§ **MATERIAL TO PROCESS**:

_ _ _ _ _

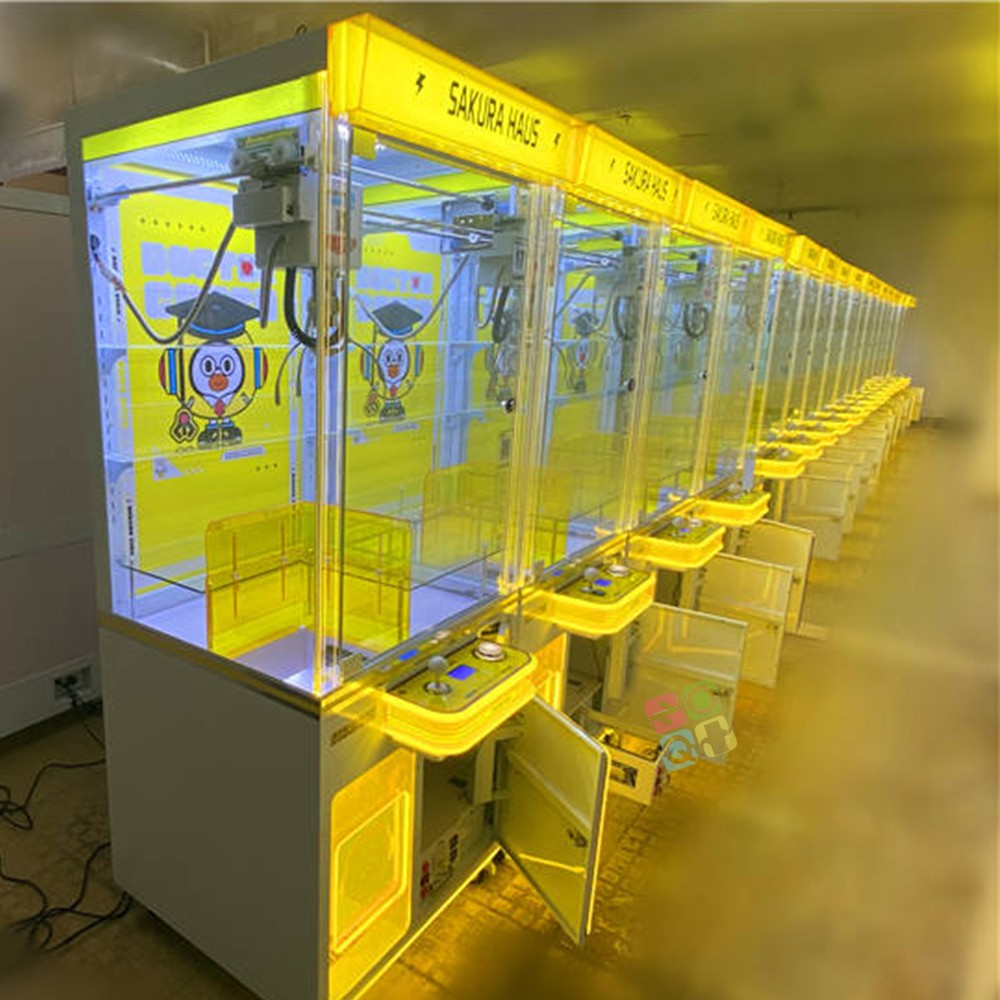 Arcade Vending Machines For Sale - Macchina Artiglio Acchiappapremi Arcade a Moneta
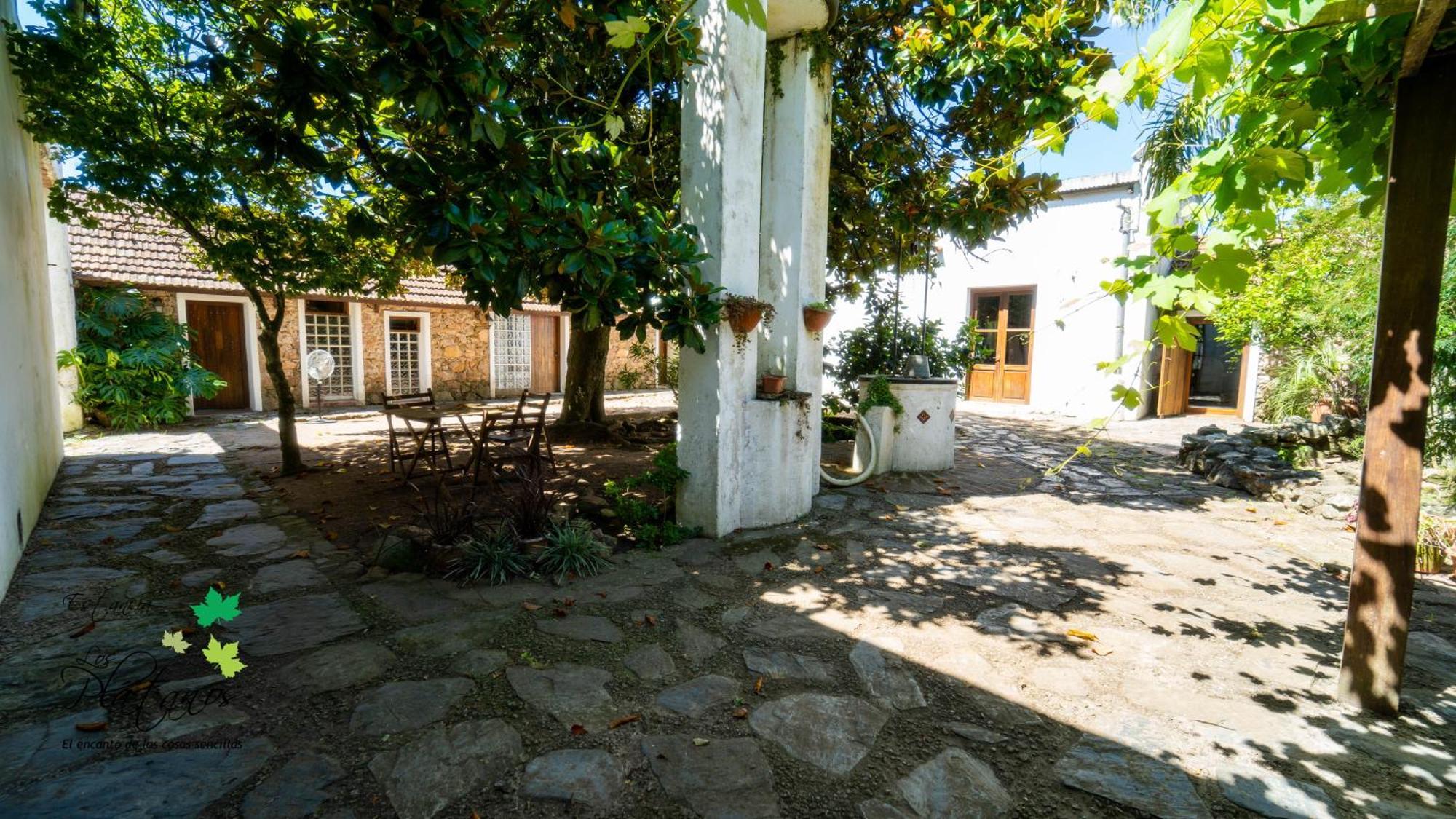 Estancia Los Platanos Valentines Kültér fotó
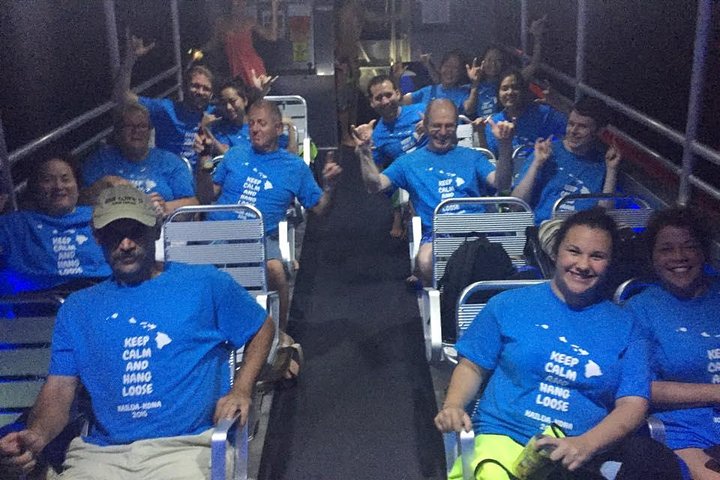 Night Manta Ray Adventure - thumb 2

_ _ _ _ _

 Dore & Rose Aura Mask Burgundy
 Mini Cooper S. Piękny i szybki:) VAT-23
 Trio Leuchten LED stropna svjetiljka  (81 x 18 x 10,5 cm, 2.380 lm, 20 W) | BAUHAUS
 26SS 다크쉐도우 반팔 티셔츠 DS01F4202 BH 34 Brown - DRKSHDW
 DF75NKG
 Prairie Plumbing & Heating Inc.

_ _ _ _ _

§ **ASSIGNED TASK**: Repeat exactly the lines above, beginning at the one containing "Arcade Vending Machines" and ending at the one containing "Night Manta Ray Adventure - thumb 2". Do not carry over any pictures.

§ **OUTPUT BELOW**:
 Arcade Vending Machines For Sale - Macchina Artiglio Acchiappapremi Arcade a Moneta
 Estancia Los Platanos Valentines Kültér fotó
 Night Manta Ray Adventure - thumb 2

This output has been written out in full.